[WHAT IS NEEDED] Copy each line of the data that has "Pink" in it.

[EXERCISE MATERIAL]
== Segment start ==

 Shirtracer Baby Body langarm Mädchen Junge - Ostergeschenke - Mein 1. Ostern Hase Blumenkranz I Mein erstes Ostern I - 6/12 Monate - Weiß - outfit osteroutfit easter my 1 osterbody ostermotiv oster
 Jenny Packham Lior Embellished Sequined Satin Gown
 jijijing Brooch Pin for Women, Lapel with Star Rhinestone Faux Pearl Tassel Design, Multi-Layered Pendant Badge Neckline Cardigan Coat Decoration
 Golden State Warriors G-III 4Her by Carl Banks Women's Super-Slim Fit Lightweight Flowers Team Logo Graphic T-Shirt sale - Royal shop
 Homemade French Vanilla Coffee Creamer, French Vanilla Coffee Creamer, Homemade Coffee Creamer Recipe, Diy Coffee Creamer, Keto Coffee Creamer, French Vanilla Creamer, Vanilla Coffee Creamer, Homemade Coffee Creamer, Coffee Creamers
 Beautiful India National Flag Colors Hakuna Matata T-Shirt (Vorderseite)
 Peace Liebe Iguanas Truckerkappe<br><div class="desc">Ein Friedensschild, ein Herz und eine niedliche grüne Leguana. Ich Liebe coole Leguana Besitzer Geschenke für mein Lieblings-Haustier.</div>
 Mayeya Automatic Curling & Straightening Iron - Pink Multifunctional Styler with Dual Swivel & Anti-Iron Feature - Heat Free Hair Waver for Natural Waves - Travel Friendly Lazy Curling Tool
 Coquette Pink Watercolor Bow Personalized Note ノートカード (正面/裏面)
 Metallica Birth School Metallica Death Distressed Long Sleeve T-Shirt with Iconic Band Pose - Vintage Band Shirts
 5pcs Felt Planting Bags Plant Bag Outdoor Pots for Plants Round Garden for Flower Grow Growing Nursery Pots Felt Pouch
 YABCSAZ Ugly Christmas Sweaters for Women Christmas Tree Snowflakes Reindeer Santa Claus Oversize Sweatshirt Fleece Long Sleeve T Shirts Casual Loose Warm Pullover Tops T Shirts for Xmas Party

== Segment end ==

[WRITTEN SOLUTION]
 Mayeya Automatic Curling & Straightening Iron - Pink Multifunctional Styler with Dual Swivel & Anti-Iron Feature - Heat Free Hair Waver for Natural Waves - Travel Friendly Lazy Curling Tool
 Coquette Pink Watercolor Bow Personalized Note ノートカード (正面/裏面)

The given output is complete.